ON AUGUST 13TH, his birthday, the ASB commemorates one who has been described as the greatest orator of the English Church – her Bossuet, Massillon, and Bordaloue in one – one of the most popular and influential of our Anglican divines. His father, a humble barber, sufficiently educated to teach his children the elements of grammar and mathematics, came from a respectable family that produced in Dr. Rowland Taylor a chaplain for Thomas Cranmer, and a martyr in the reign of Mary.
Jeremy went up to Caius College, Cambridge at thirteen as a poor scholar, when Milton and Cromwell were undergraduates. Like Archbishop Ussher, he was ordained before his 21st birthday and a chance invitation to preach in St. Paul’s Cathedral for a college friend determined the future course of his ministry.
There, “his sweet and pleasant air, and his sublime and learned discourses”, captivated his listeners.

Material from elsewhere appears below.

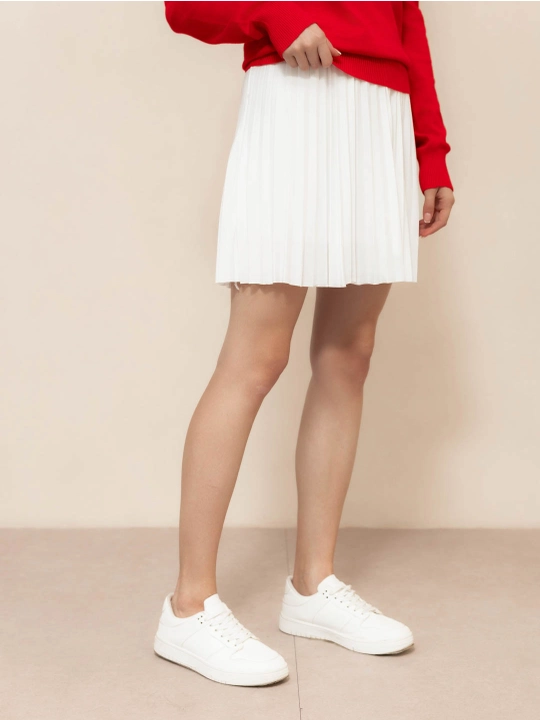 Yubka qisqa plisser JUST JT8503-78008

Archbishop Laud invited him to preach before him and immediately recognised his brilliant potential. He nominated him to a Fellowship of All Souls Oxford, no ordinary distinction, where he came to be held in high esteem.
He became Rector of Uppingham in 1637, marrying in 1639 and fathering three sons, one of whom died in 1642 and shortly afterwards Taylor was widowed.

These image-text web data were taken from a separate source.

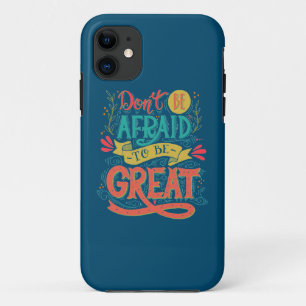 Haben Sie nicht Angst, groß zu sein Case-Mate iPhone Hülle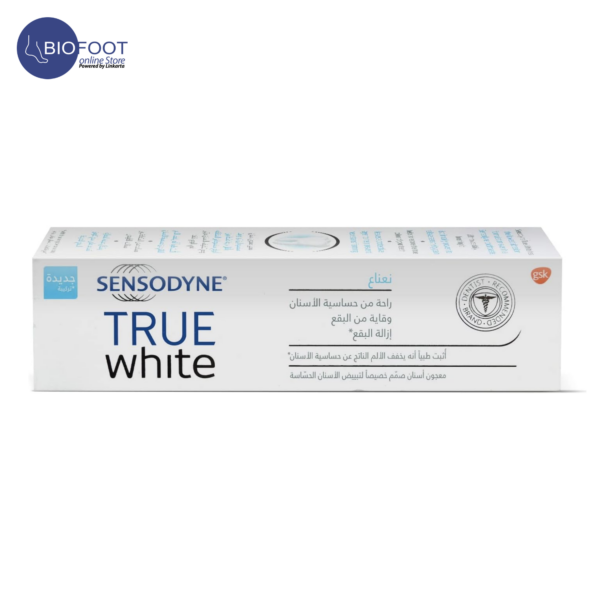 Sensodyne True White Mint Toothpaste 75ml - Image 2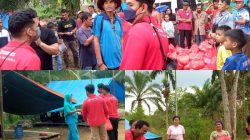 Badan Itelijen Negara Masih Bertahan Di Kab. Pasaman Barat Mendistribusikan Sembako Korban Gempa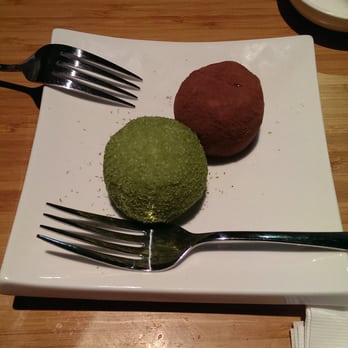 Sansotei Ramen - Mochi ice cream - Ramen Near Me - Toronto, Ontario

His five quiet years at Uppingham were followed by a domestic Chaplaincy to King Charles who commanded him to publish in 1642 Episcopacy Asserted, defending the historic episcopate; whereupon the King rewarded him with the degree of Doctor of Divinity. His living at Uppingham was one of the first to be sequestrated and without home he became a chaplain with the royalist forces. He was taken prisoner in Wales but was soon released.
This experience furnished his sermons with many apposite images and illustrations. He described this experience as a “great storm which hath dashed the vessel of the Church all to pieces”. But God provided a plank for him. At this time he remarried “a lady of good means”, a friend of Lord Carberry who had given him refuge, and in whose parish he carried on working quietly and writing prolifically while running a school.
In 1647 he published his Liberty of Prophesying, a noble defence and exposition of the Catholic Faith as held by the Church of England , written without books, or leisure to consult them, which makes its learning all the more remarkable. In 1650 he wrote The Rule and Exercises of Holy Living and in 1651, The Rule and Exercises of Holy Dying.
He went to Ireland to lecture in 1658 and in 1660 became Bishop of Down and Connor. It was a difficult time because many of his clergy had been presbyterianised and therefore ignored him. To the Roman Catholics he was, if course, wholly unacceptable. The stress of all this affected his health and he died in 1667.
An excellent saying of Taylor was, that God places a watery cloud in the eye, so that when the light of heaven shines on it, it may produce a rainbow to be a sacrament and a memorial that God and the sons of men do not love to see a man perish. The clouds in Taylor’s life had witnessed such rainbows. “When a north wind blows,” he says, “and it rains sadly, none but fools sit down in it, and cry; wise people defend themselves against it with a warm garment, a good fire and a dry roof.”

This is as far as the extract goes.